On the way home from Manila to Phoenix, I dreaded the 12-hour layover in Guangzhou. You won’t believe my complete surprise when the immigration officer told me that I qualified for a complimentary shuttle and hotel in Guangzhou if I could find the counter that processed such things. I was on extremely high alert and found it. There they told me that I could get my vouchers at another counter if I could find it. Being of a certain level of travel intelligence, I found that, too! The only problem was that the hotels that were familiar to me were all out of rooms and I was left with one called the Oubon International Hotel.

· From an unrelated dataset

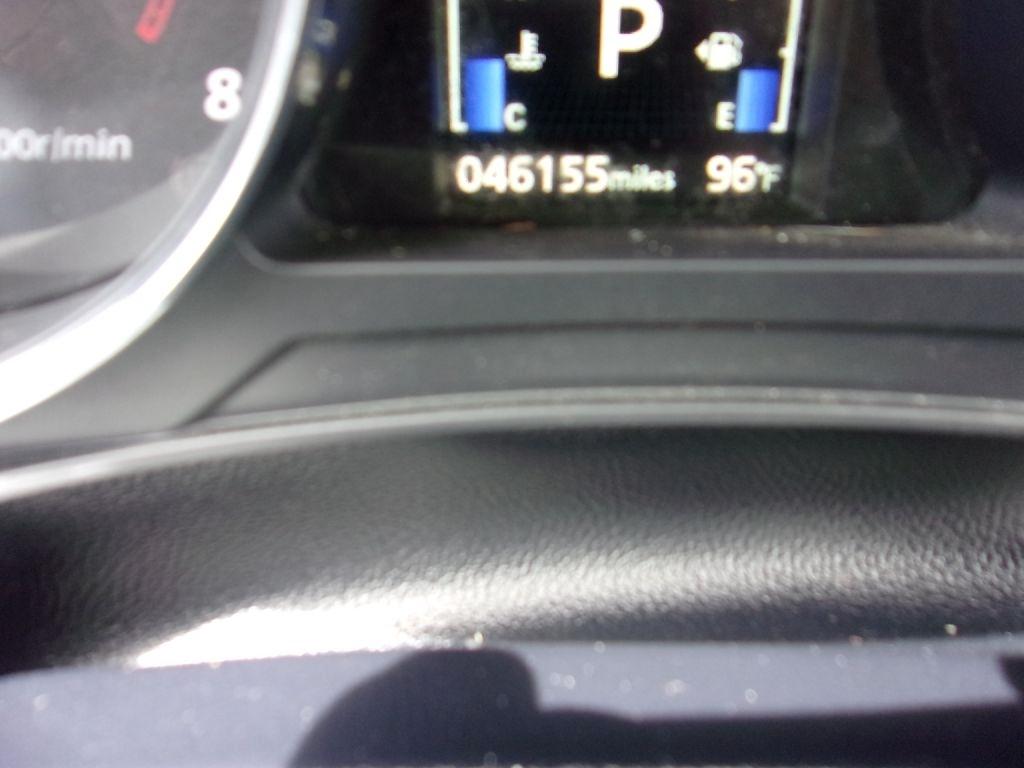 Mitsubishi Outlander Sport 2.0 ES 4WD 2024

Feeling happily adventurous, I again took the challenge and soon I was off to my one lucky day.

just outside the airport
The road out of the airport was strewn with glitzy modern sculpture, and I prepared to be wowed. What followed was a disappointment with a capital D. The hotel was a two-star facility in an almost rundown suburb of Guangzhou far from the city. By the time maintenance staff was found to fix my room’s air conditioning unit, I had already lost a lot of time. They even had to get the Manager because no other staff spoke English. I decided not to take a chance on a short city tour and opted to get a feel for the hotel facilities. There were the standard restaurant and a fitness center. But I was surprised to find a red-themed mahjong room! But the hotel was mostly empty; I guess it is just really used as a rest stop for transients. I ventured out to the small shopping mall nearby. There I consoled myself with another flavorful Chinese meal and peeked and poked around the small department store.

small shopping mall
My twelve hours easily frittered away.  I truly felt isolated in China, but I also got to see why she has become a great power. About eleven years ago I was asked which, between China and India, did I feel would become the superpower. I hesitated to say China back then because I wrongly thought India had the advantage of being an English-speaking country. The language barrier is only real for us who are outside of China trying to look/get in. Internally, China has used her masses of people, her vast natural resources, and her long and rich heritage to develop technologies that rival ours. The policy of isolation, of attempting to make one’s economy self-reliant, and of seeking to devote its entire efforts to its own advancement has served China well throughout the years. She may be nowhere in the Top 50 of the Happiness Index of countries around the world, but she has risen to #21 in quality of life (#8 for the US).

department store
You can bet I was happy to be on the way back to my comfort zone; but I also resolved, on the plane to Phoenix, that China deserves to be visited properly.  Beijing, the Yangtze, and the Great Wall await me.

1 comment:

  1. We were not sure that to expect when we visited China. We certainly were not offered anything like a hotel on our visit. Although it does not look like this was a big bonus. Such a short visit would not give you a true sense of the power or beauty of China. Hope you get back one day.